□ホスピタリティ…和倉温泉「加賀屋」のおもてなし③
冬の能登では雨、風、雪、雹、霙への備えが必要です。観光をしていても、いき
なり雹が降ってきて、あたり一面「氷玉の世界」に見舞われることがありました。
夜の加賀屋も厳重に雨戸をしているにも関わらず、日本海から吹きつける強烈な
風雨や雪、雹に加えて「ぶり起こし」を想起させる雷鳴が轟き、私たちの睡眠を妨
げます。家族みんな夜中に目を覚ましては、「どこか窓が開いているのでは」と
戸締りを確認する始末です。
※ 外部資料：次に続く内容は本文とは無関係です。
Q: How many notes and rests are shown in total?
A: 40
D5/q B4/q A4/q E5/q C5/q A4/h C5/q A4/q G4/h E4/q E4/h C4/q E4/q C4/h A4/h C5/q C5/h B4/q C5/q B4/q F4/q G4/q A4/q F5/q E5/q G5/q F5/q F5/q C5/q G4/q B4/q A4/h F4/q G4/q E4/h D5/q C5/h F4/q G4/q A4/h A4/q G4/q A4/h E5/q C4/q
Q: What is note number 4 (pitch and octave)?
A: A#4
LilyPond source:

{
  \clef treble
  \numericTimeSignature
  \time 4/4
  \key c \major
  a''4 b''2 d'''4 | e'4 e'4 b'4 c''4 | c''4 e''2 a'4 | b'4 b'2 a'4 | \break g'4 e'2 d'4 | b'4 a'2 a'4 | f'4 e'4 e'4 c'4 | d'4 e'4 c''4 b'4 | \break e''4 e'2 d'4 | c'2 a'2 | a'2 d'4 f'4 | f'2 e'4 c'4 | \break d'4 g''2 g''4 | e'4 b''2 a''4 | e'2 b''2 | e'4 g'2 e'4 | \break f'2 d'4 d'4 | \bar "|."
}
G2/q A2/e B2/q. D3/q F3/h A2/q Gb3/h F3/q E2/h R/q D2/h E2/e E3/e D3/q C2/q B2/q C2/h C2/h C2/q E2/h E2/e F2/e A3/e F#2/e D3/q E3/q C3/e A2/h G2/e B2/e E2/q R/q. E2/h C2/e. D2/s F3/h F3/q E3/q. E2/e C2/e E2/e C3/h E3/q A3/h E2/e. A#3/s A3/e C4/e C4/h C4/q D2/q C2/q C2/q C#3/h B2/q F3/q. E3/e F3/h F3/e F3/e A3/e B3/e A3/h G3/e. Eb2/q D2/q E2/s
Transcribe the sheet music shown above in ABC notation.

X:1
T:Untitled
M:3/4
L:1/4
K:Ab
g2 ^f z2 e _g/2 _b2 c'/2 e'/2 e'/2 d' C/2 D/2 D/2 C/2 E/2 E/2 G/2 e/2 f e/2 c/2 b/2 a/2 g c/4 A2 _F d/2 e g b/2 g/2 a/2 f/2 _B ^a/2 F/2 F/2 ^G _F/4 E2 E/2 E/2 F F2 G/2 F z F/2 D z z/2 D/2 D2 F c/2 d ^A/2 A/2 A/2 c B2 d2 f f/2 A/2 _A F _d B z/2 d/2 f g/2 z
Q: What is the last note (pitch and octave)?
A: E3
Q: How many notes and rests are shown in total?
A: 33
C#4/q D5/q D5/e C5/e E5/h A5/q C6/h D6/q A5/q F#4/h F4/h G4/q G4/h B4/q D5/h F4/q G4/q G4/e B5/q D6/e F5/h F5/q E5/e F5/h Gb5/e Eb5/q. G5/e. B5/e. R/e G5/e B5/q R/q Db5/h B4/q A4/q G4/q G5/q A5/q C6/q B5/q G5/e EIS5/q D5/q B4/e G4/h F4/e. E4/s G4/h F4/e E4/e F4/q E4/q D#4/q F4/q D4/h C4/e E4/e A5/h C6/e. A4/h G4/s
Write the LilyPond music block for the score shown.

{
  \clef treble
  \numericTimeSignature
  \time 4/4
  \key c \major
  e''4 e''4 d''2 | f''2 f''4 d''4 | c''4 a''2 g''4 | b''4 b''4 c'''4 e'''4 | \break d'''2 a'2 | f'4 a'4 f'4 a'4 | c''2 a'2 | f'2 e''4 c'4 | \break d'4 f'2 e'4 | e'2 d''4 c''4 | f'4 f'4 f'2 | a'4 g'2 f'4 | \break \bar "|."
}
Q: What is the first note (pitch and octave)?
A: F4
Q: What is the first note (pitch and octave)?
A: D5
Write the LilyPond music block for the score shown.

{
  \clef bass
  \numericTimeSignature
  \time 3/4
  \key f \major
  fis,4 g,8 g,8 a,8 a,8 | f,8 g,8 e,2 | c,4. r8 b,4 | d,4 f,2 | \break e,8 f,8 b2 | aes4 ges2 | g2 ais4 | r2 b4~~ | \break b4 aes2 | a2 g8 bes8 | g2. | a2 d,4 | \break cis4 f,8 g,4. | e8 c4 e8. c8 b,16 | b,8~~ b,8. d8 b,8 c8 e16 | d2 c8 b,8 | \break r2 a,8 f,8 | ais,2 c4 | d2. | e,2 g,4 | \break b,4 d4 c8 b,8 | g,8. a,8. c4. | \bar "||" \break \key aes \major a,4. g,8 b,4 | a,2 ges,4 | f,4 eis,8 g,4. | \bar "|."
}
そういうわけで、みんな睡眠不足を感じながら朝食を
迎えることになりました。
朝食も部屋食で豪華で、郷土色溢れるものでしたが、長女が寝不足から気分が
悪いということで朝食もそこそこに横になることに。このあとのスケジュールを
考えると何も食べないと持たないと思い仲居さんにお話ししたところ、料理長と
相談して2種類のおにぎりと牛乳、デザートを用意してくださり、何とか出発に
こぎ着けました。朝の忙しい時間にも関わらずこちらの希望を聞き、嫌な顔も
せず、スピーディーに対応してくださり、本当に頭の下がる思いでした。
「私たちだったら、こういう対応ができただろうか」帰途についてからもずっ
とその思いが頭から離れませんでした。